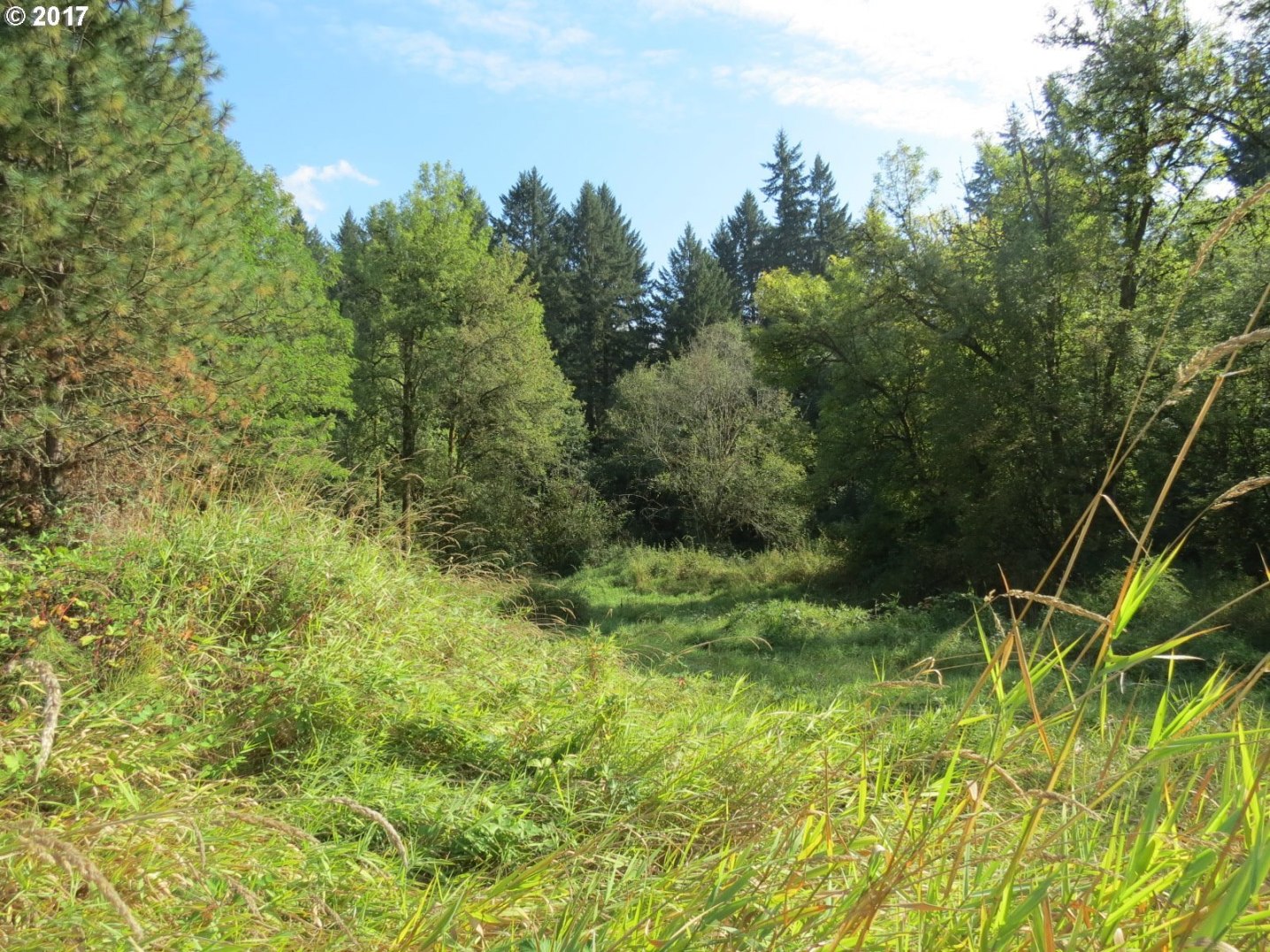12298 Donald Road Northeast Aurora, OR 97002 - Photo 5 of 21 Gallery Image 5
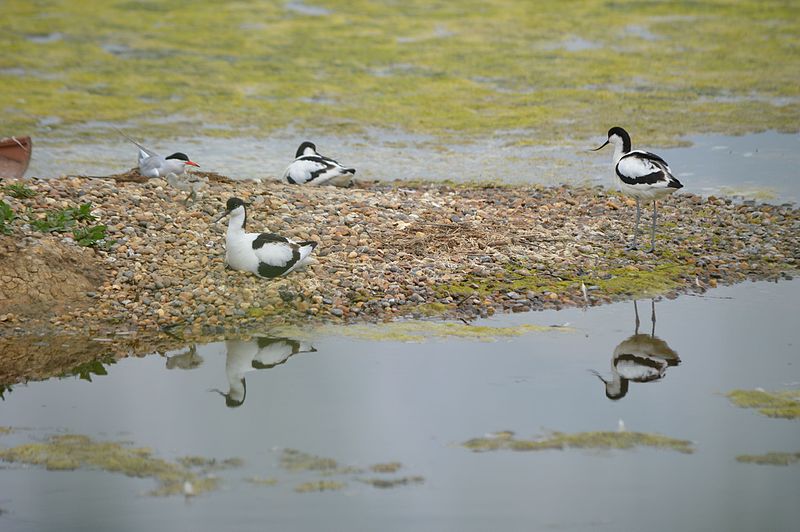 File:View from Blue House Farm bird hide 7.jpg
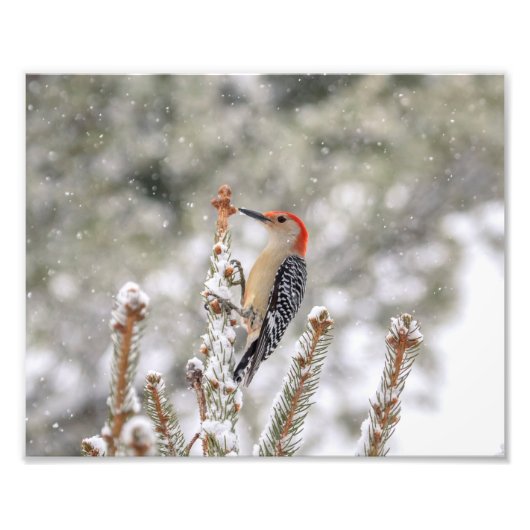 10x8 Rotbauchspecht im Schnee Fotodruck (Vorne)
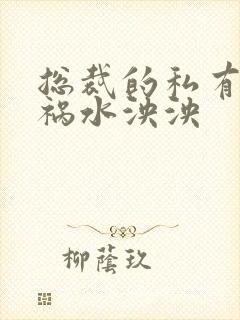 总裁的私有宝贝祸水泱泱封面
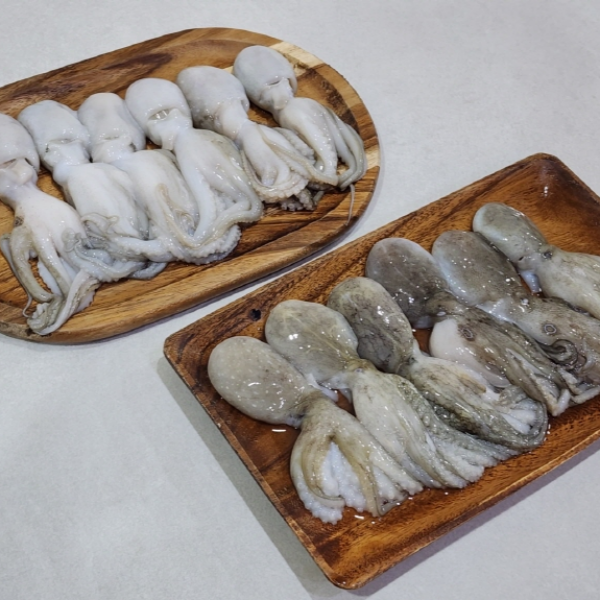 자연가득 금테문어 대왕 선동 활 쭈꾸미 1kg 12미 ~ 18미 내외 / 암수랜덤 - 상세 이미지 3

WHAT TO PRODUCE:
Print the material in full and exactly; the pictures must not be printed.

EXERCISE ANSWER:
12298 Donald Road Northeast Aurora, OR 97002 - Photo 5 of 21 Gallery Image 5
 File:View from Blue House Farm bird hide 7.jpg
 10x8 Rotbauchspecht im Schnee Fotodruck (Vorne)
 总裁的私有宝贝祸水泱泱封面
 자연가득 금테문어 대왕 선동 활 쭈꾸미 1kg 12미 ~ 18미 내외 / 암수랜덤 - 상세 이미지 3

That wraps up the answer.